(Source data)
##############################

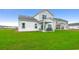 Backyard featuring an attached outdoor patio with two chairs, a bench, and an expansive green lawn at 269 Mayflower Dr., Calabash, NC 28467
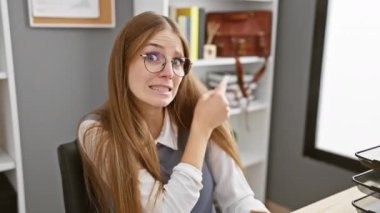 Ofisteki genç sarışın iş kadını, işaret parmağıyla işaret ediyor! Endişeli yüz ifadesi, gergin bakışlar. Sürpriz! İş yerinde endişeli, kapalı alanda dram yaşanıyor.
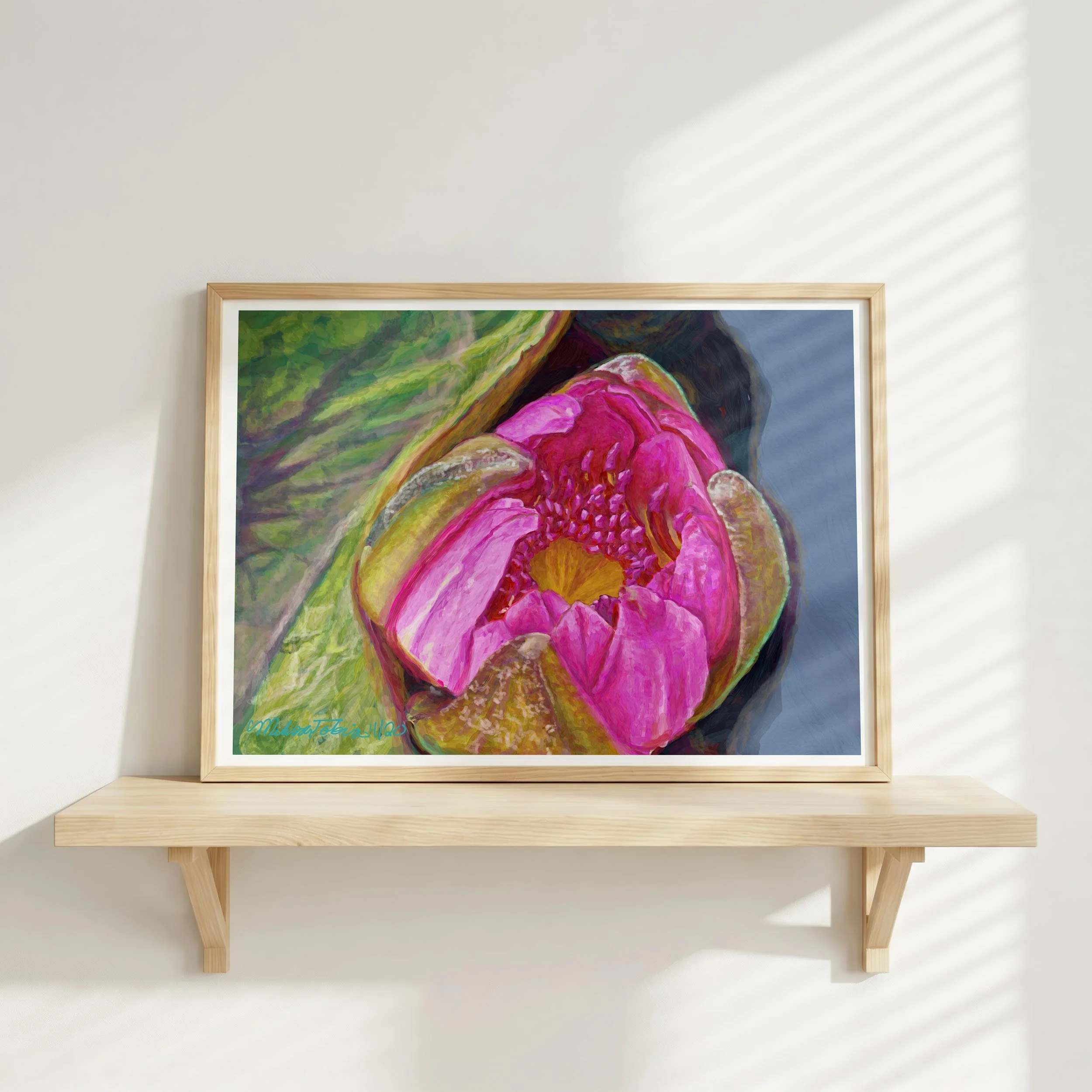 Pink water lily wall art in a light wood frame on a floating shelf against a white wall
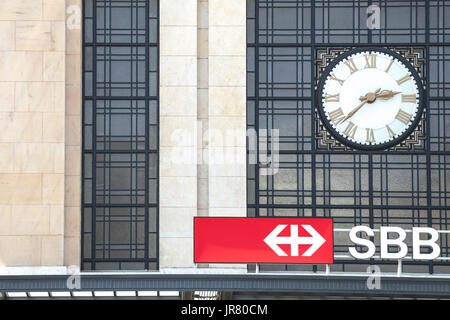 GENEVA, SWITZERLAND - JUNE 19, 2017: Logo of the Swiss railways (SBB CFF FFS) in front of Geneva Cornavin (Gare de Cornavin) train station, in the cen Stock Photo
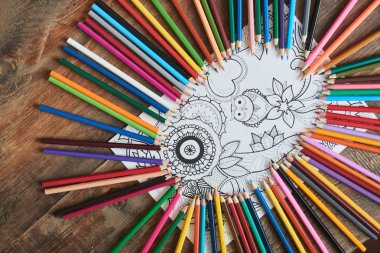 beautiful picture with owl and flowers surrounded by pencils on wooden table, close-up  clipart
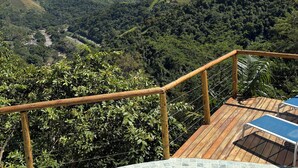 A pool with a view of a valley, wooden deck, and a railing.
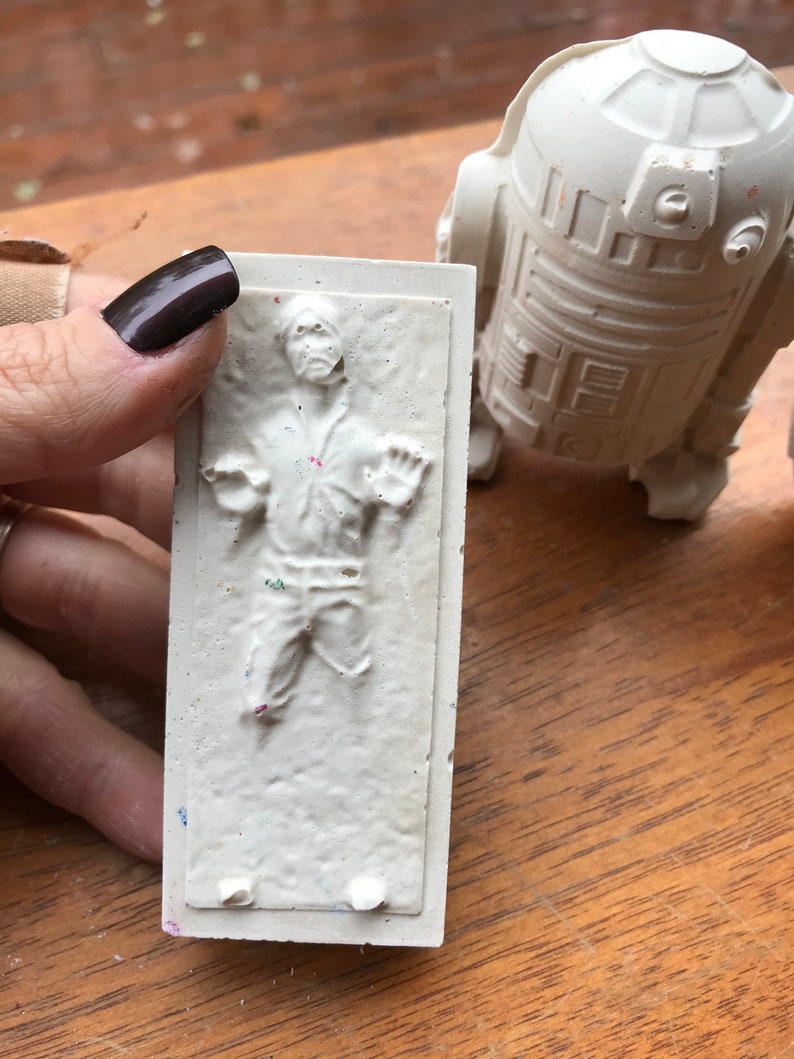 K&ouml;nnte beinhalten: Eine wei&szlig;e Reliefskulptur einer Figur in einer gefrorenen Pose, mit einer passenden wei&szlig;en R2-D2-Figur im Hintergrund. Die Skulptur wird von einer Hand mit dunklem Nagellack gehalten. Die Figuren befinden sich auf einer Holzoberfl&auml;che.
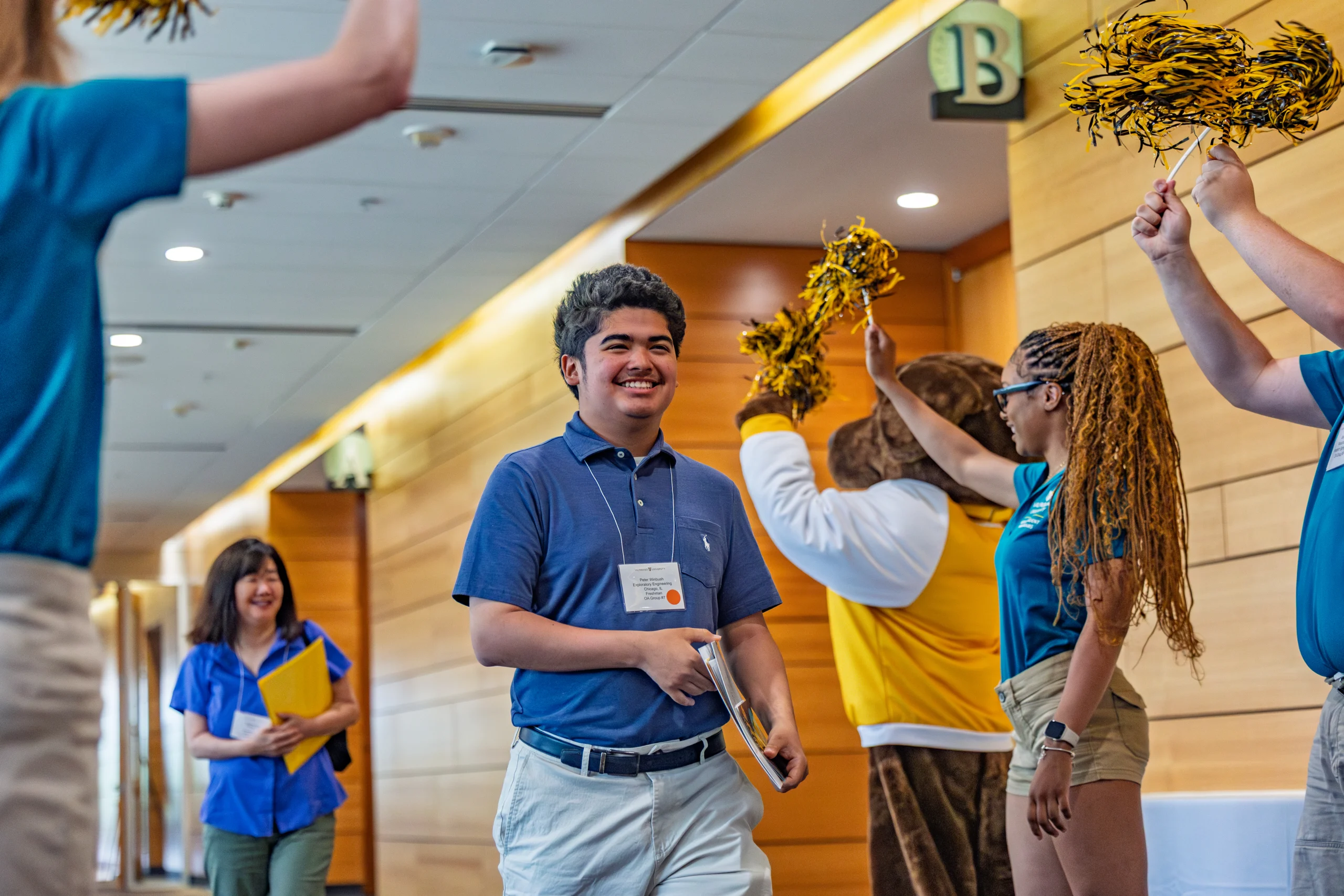 Smiling student walks down hallway as people cheer with yellow pom-poms, keeping their FOCUS on celebrating; a mascot is in the background.
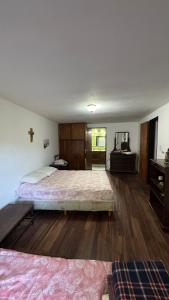 En eller flere senge i et værelse på Casa La Falda 4 hab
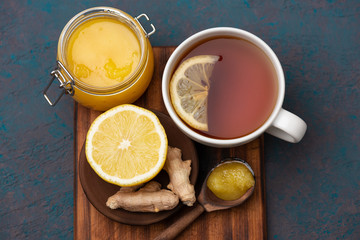 Hot tea, lemon, ginger roots and honey on dark wooden background. Alternative medicine still life.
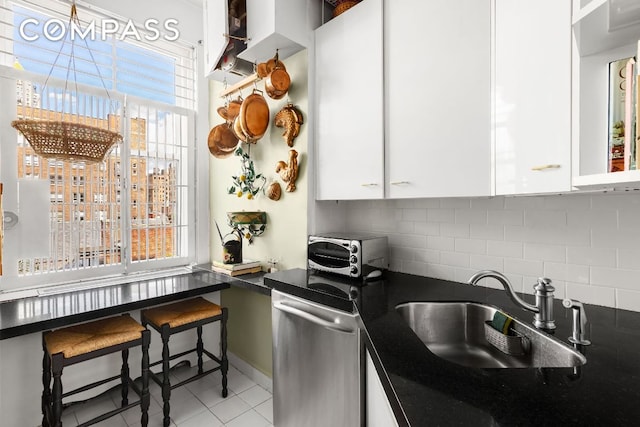 kitchen featuring sink, decorative backsplash, dishwasher, and white cabinets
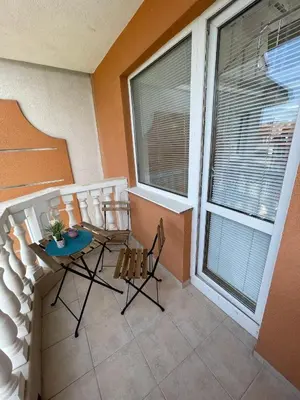 a balcony with two chairs and a table and a window at Sea Diamond 2 in Sunny Beach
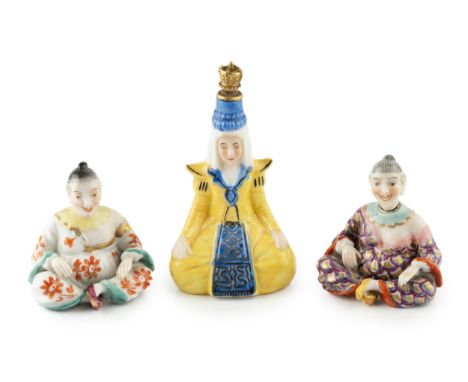 A late 19th century Continental porcelain novelty scent bottle, modelled as a seated Chinaman, his head forming the stopper, 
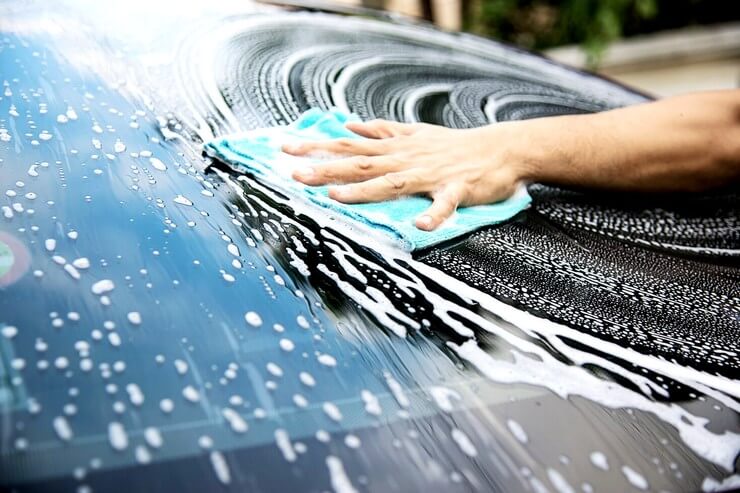 L'homme lave la voiture avec du shampooing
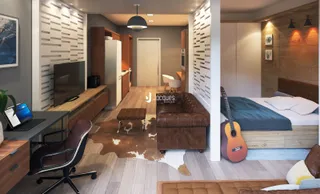 Sala de estar moderna com piso de madeira e móveis de couro.
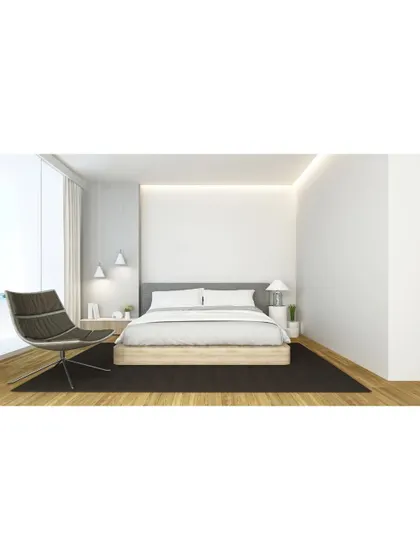 A minimalist bedroom design that focuses on clean lines and a clutter-free environment. The low-profile bed, simple side table, and modern armchair create a space that is calm and conducive to rest.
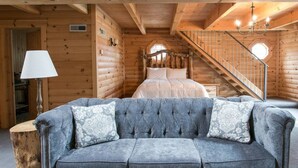 A log cabin interior with a bed, a staircase, and a grey upholstered sofa with patterned cushions. - Luxury Lodge Suite with Jacuzzi - Near Berlin Ohio (Berlin)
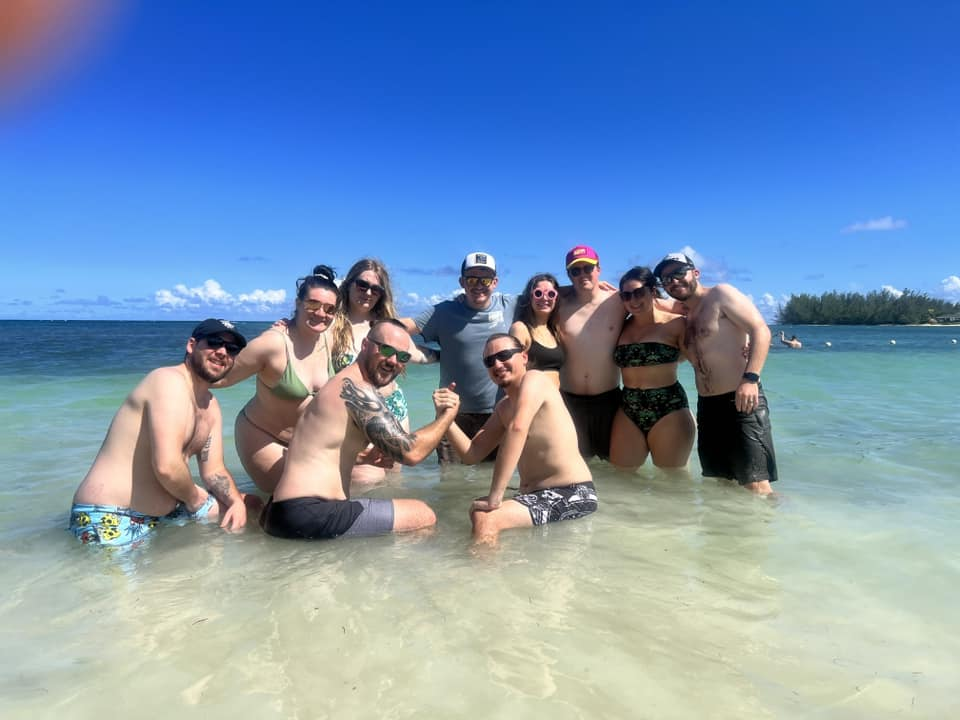 A group of eleven people posing together in shallow, clear turquoise ocean water on a sunny day.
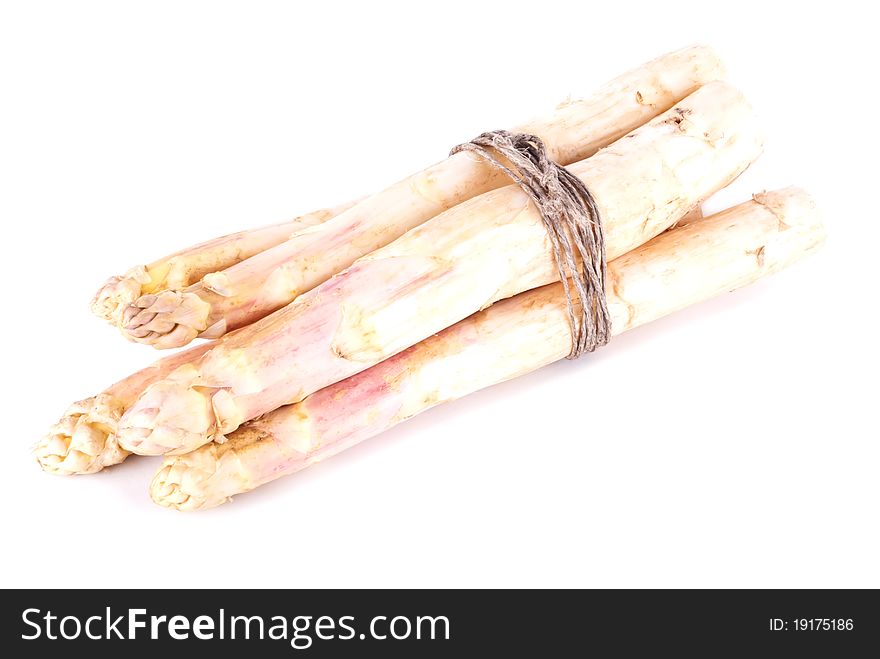 A bunch of white asparagus in front of white background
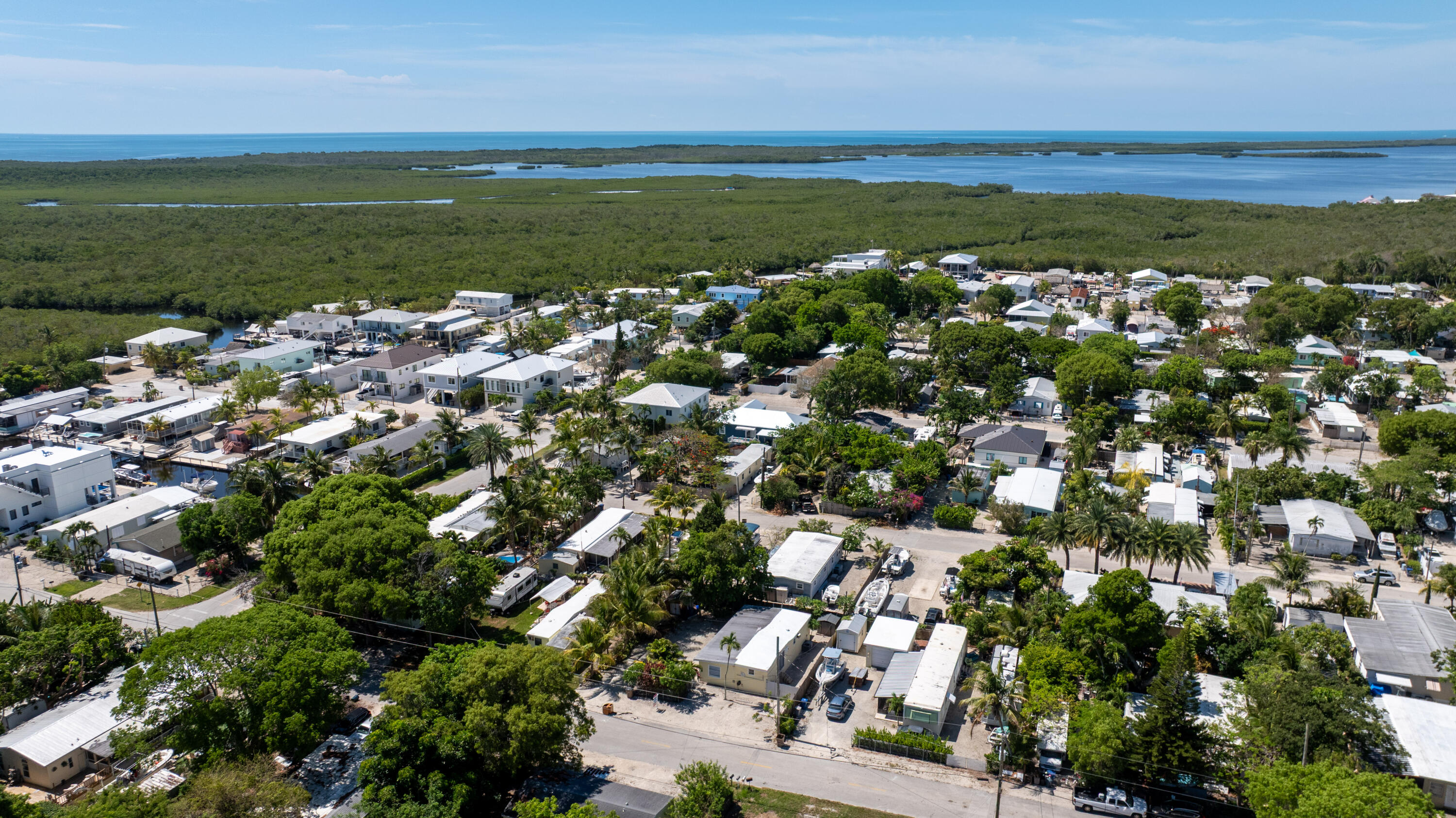 271 Ryan Avenue Key Largo, FL 33037 - Photo 55 of 58 a view of a city with an ocean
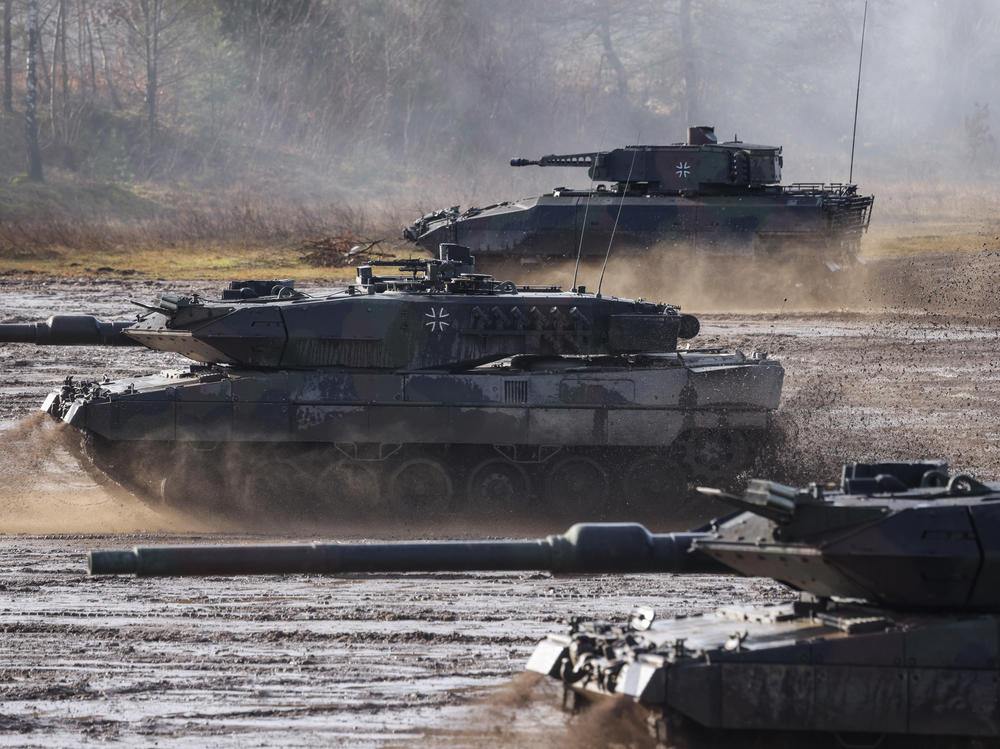 Two Leopard 2 A6 heavy battle tanks and a Puma infantry fighting vehicle of the Bundeswehr's 9th Panzer Training Brigade participate in a demonstration of capabilities during a visit by then-Defense Minister Christine Lambrecht to the Bundeswehr Army training grounds in February 2022 in Munster, Germany.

##############################

From the records above, write out exactly the lines that begin at the line with "Pink water lily" and end at the line with "A pool with". Pictures must not appear in the output.

 Pink water lily wall art in a light wood frame on a floating shelf against a white wall
 GENEVA, SWITZERLAND - JUNE 19, 2017: Logo of the Swiss railways (SBB CFF FFS) in front of Geneva Cornavin (Gare de Cornavin) train station, in the cen Stock Photo
 beautiful picture with owl and flowers surrounded by pencils on wooden table, close-up  clipart
 A pool with a view of a valley, wooden deck, and a railing.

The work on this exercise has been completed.